## Directions for this task
Every record must be copied exactly, except that pictures are dropped.

## The data
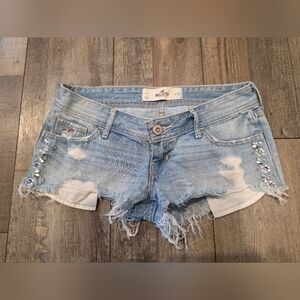 Hollister Light Blue Distressed Denim Shorts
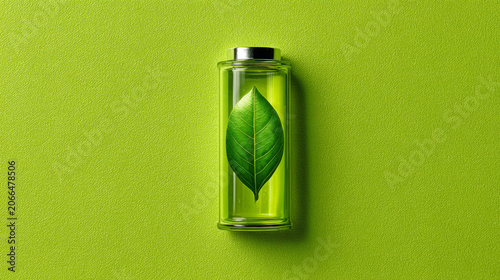 Glass battery icon with green leaf inside on lime green background eco energy concept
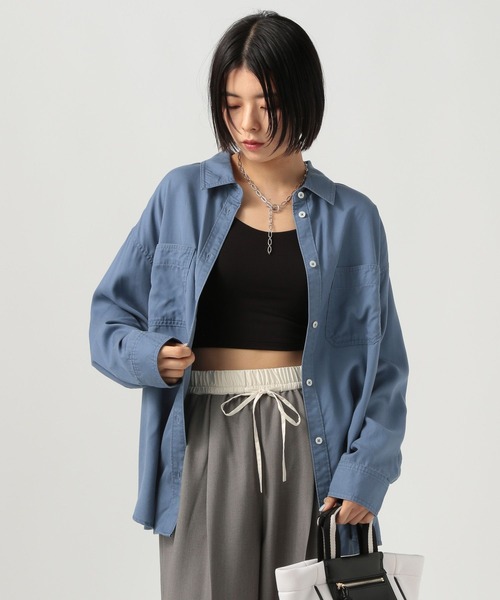 BAYFLOW（ベイフロー）の「2WAYスタンダートシャツ（シャツ/ブラウス・レディース・ブルー/チャコール/イエロー/ブラウン・FREE）」の14枚目の写真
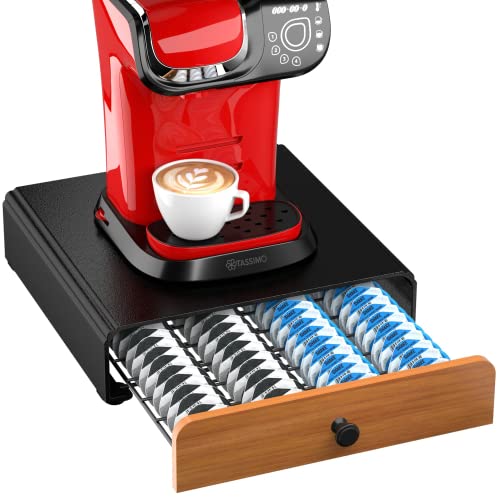 Tassimo Caddy 64 Capsules Metal Black (Acessório Imagem e Som) HFHOME - Organizadores de balcão de cozinha e estação de bebidas - compatível com Tassimo, metal, preto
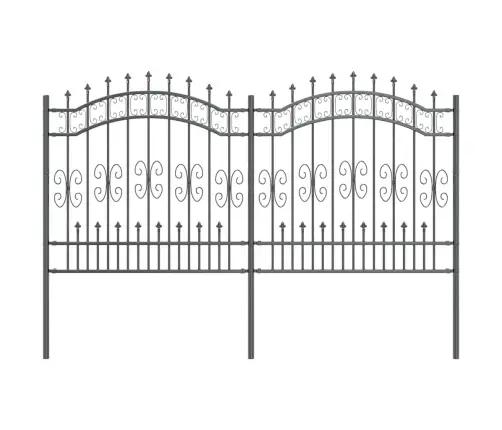 Dārza Žogs Pelēka 165 Cm Pulverkrāsots Tērauds Vidaxl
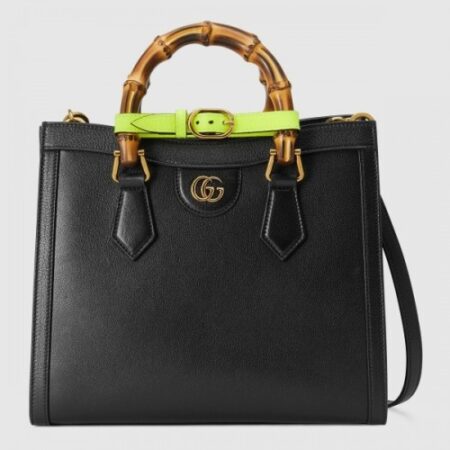 Replica Gucci Diana Small Tote Bag In Black Leather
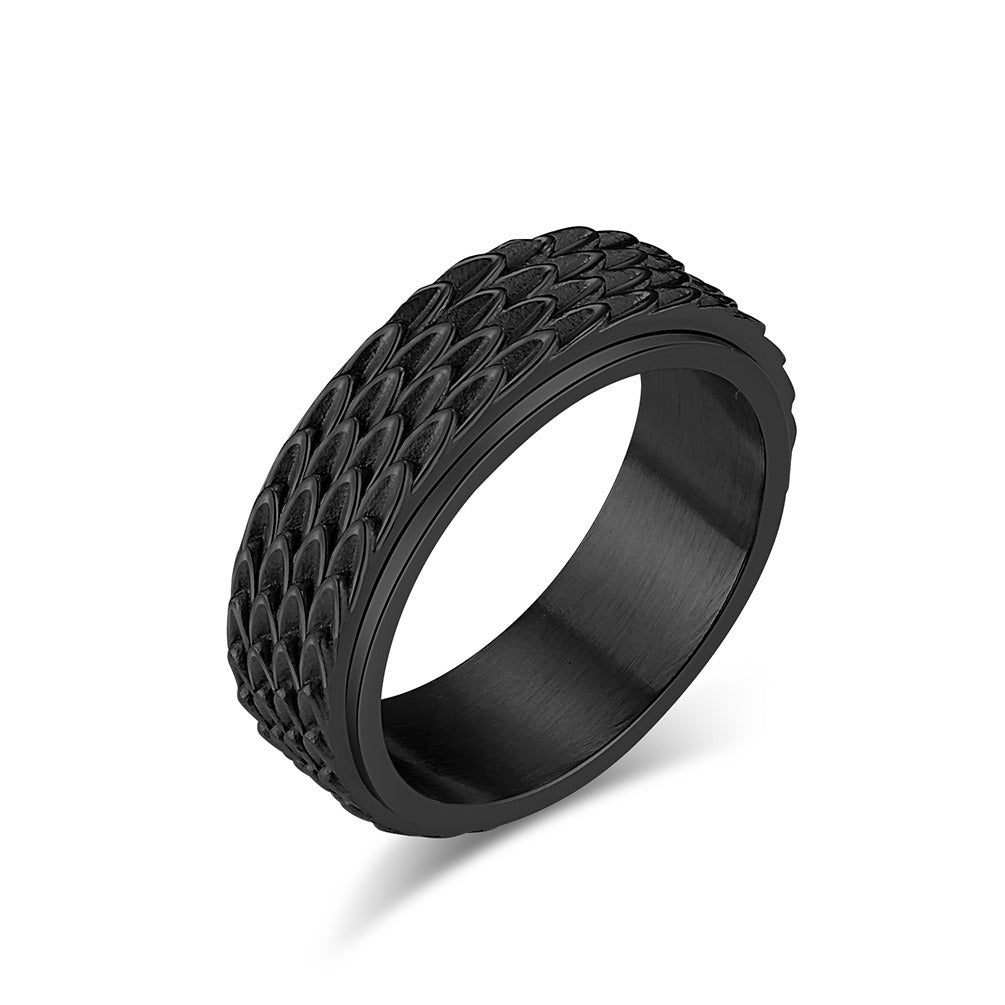 Kemstone Men’s Titanium Steel Dragon Scale Spinner Ring – Vintage Fidget Jewelry K-R810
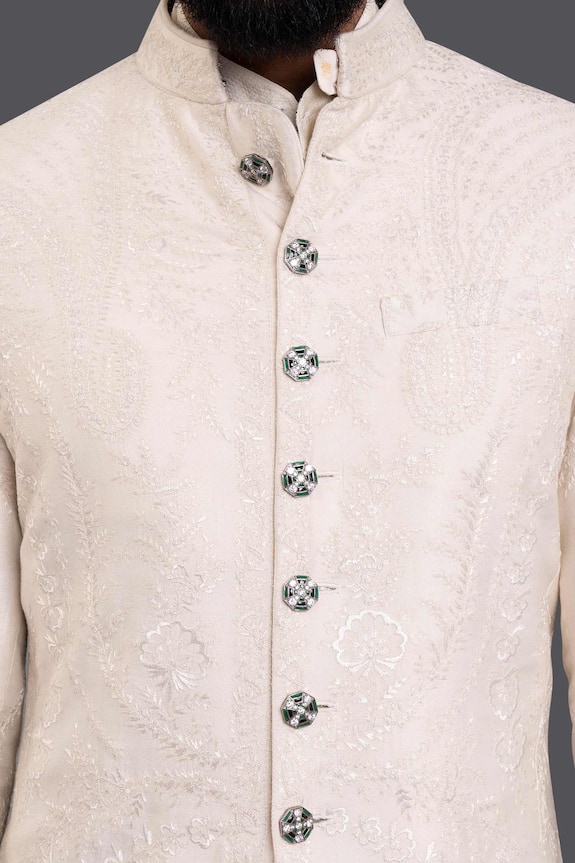 Raghavendra Rathore Jodhpur Off White Silk Embroidered Achkan 6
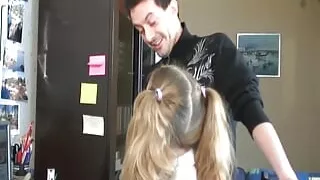 French teen getting a big load of cum on her face after doing homework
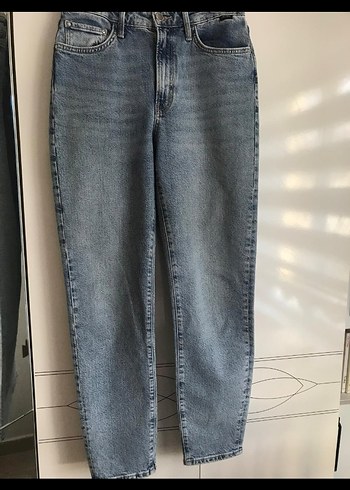 38 Beden MAVİ Kadın Lacivert Regular Fit Midi Kot Pantolon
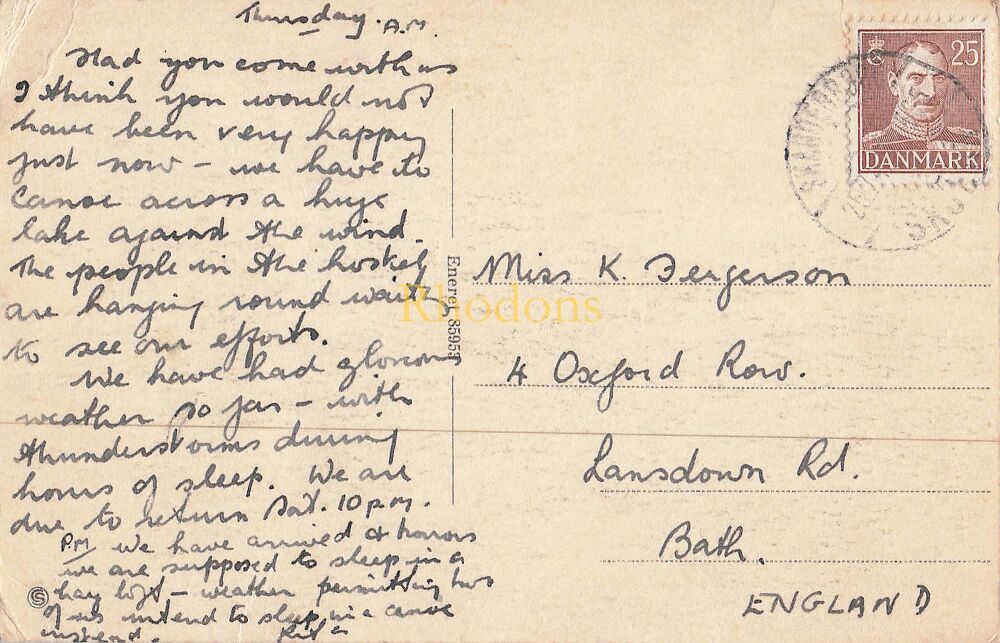 Genealogy Postcard-Miss K FERGUSON Oxford Row Lansdown Road Bath-Danish Postcard and Stamp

## Solution for this exercise
 Hollister Light Blue Distressed Denim Shorts
 Glass battery icon with green leaf inside on lime green background eco energy concept
 BAYFLOW（ベイフロー）の「2WAYスタンダートシャツ（シャツ/ブラウス・レディース・ブルー/チャコール/イエロー/ブラウン・FREE）」の14枚目の写真
 Tassimo Caddy 64 Capsules Metal Black (Acessório Imagem e Som) HFHOME - Organizadores de balcão de cozinha e estação de bebidas - compatível com Tassimo, metal, preto
 Dārza Žogs Pelēka 165 Cm Pulverkrāsots Tērauds Vidaxl
 Replica Gucci Diana Small Tote Bag In Black Leather
 Kemstone Men’s Titanium Steel Dragon Scale Spinner Ring – Vintage Fidget Jewelry K-R810
 Raghavendra Rathore Jodhpur Off White Silk Embroidered Achkan 6
 French teen getting a big load of cum on her face after doing homework
 38 Beden MAVİ Kadın Lacivert Regular Fit Midi Kot Pantolon
 Genealogy Postcard-Miss K FERGUSON Oxford Row Lansdown Road Bath-Danish Postcard and Stamp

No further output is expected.